Lo svuotamento delle competenze: iIl disegno di legge, non potendo “cancellare” le amministrazioni provinciali, le svuota di competenze. Mira ad una riduzione dei costi. Pertanto prevede un criterio di gratuità per l’esercizio delle funzioni di presidente e consigliere provinciale. I consigli provinciali, infatti, vengono trasformati in Assemblee dei sindaci: questi ultimi lavoreranno nei nuovi “enti territoriali di area vasta”, percependo esclusivamente le indennità già corrispostegli in qualità di primi cittadini.
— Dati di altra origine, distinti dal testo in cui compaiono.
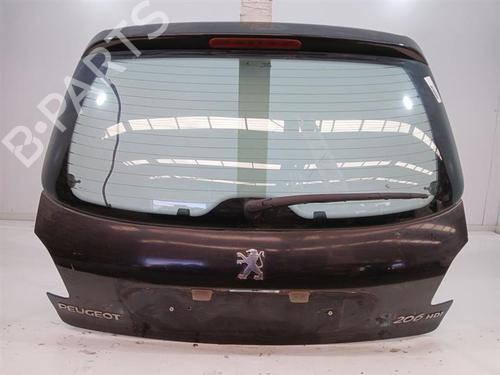 Used Tailgate Tailgate PEUGEOT 206 Hatchback (2A/C) 1.4 HDi eco 70 (68 hp) 37594566 37594566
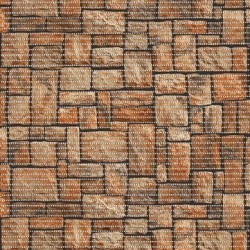 Aqua-mat koupelnová rohož šíře 130 cm - vzor 584-1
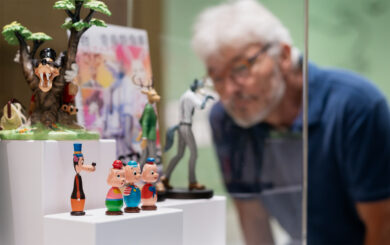 10 | Ausstellung ICH, DAS TIER | Wölfe | © GRIMMWELT Kassel, Foto Nicolas Wefers
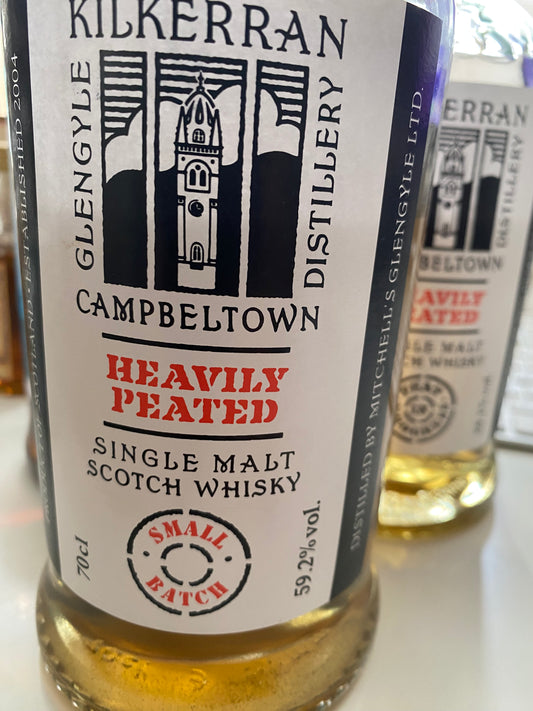 Kilkerran heavily peated - batch no.9 - 6cl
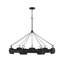 Raffi Steel Dimmable LED Other Chandelier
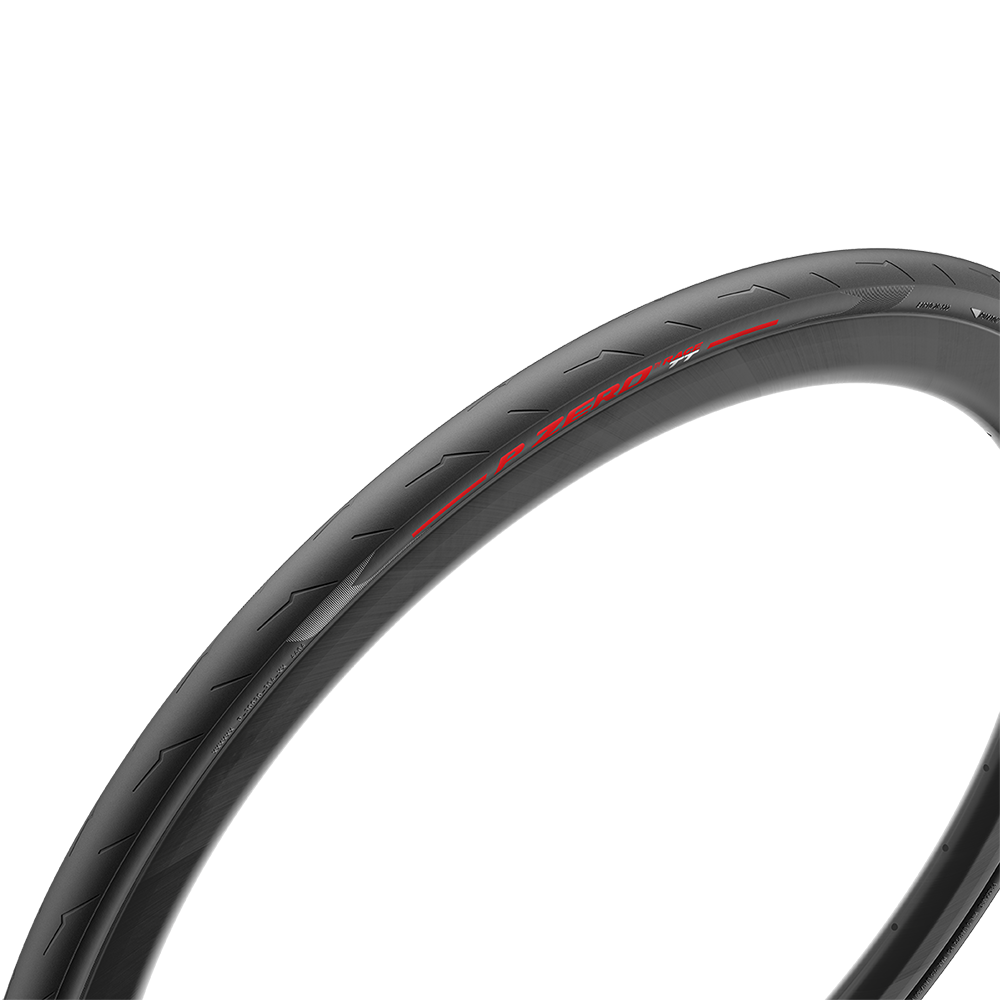 Plášť Pirelli P ZERO™ Race TT 28-622, červené nálepky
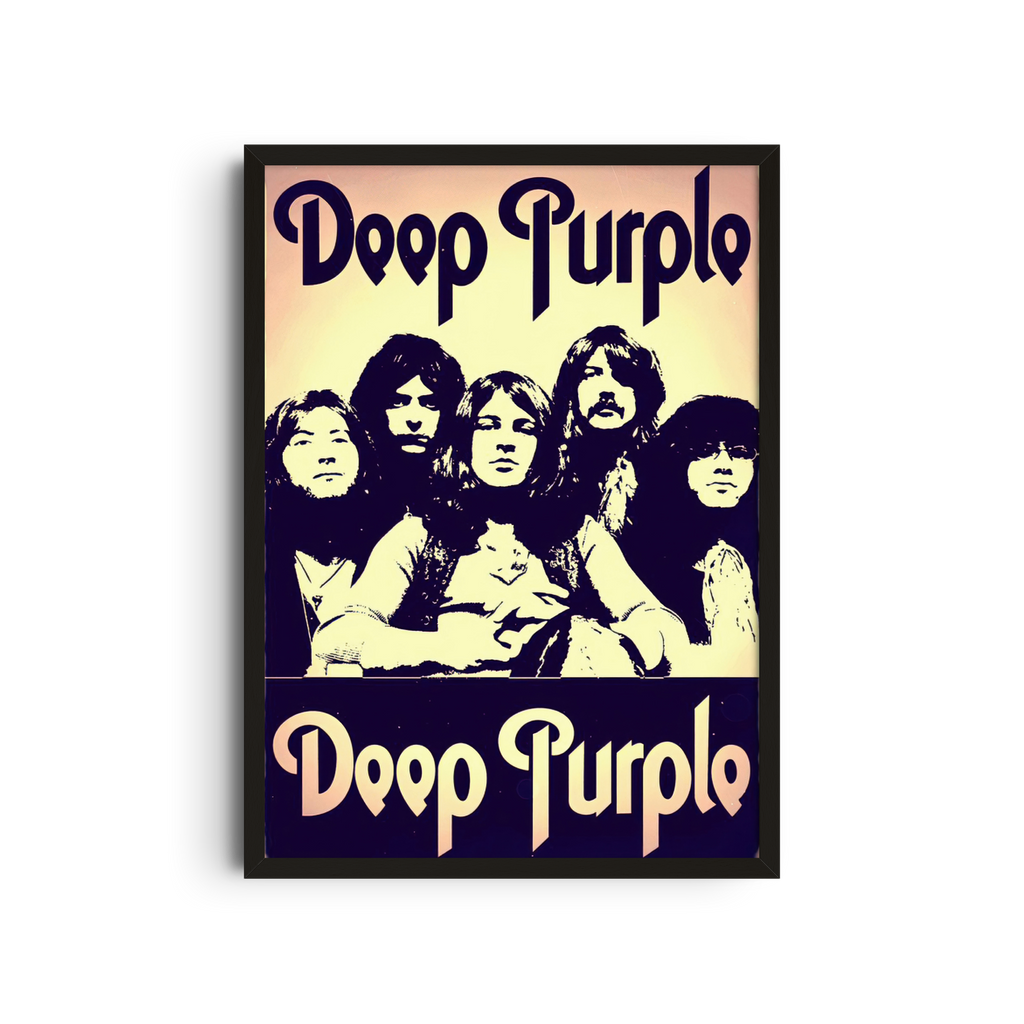 Deep Purple - Classic Portrait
I presidenti di Provincia non saranno più eletti dai cittadini, ma indicati all’interno di una assemblea formata dai sindaci dei Comuni del territorio di riferimento. Ad esempio, il futuro presidente della Provincia di Viterbo sarebbe scelto tra i sindaci dei Comuni della Tuscia viterbese e percepirebbe soltanto lo stipendio da sindaco.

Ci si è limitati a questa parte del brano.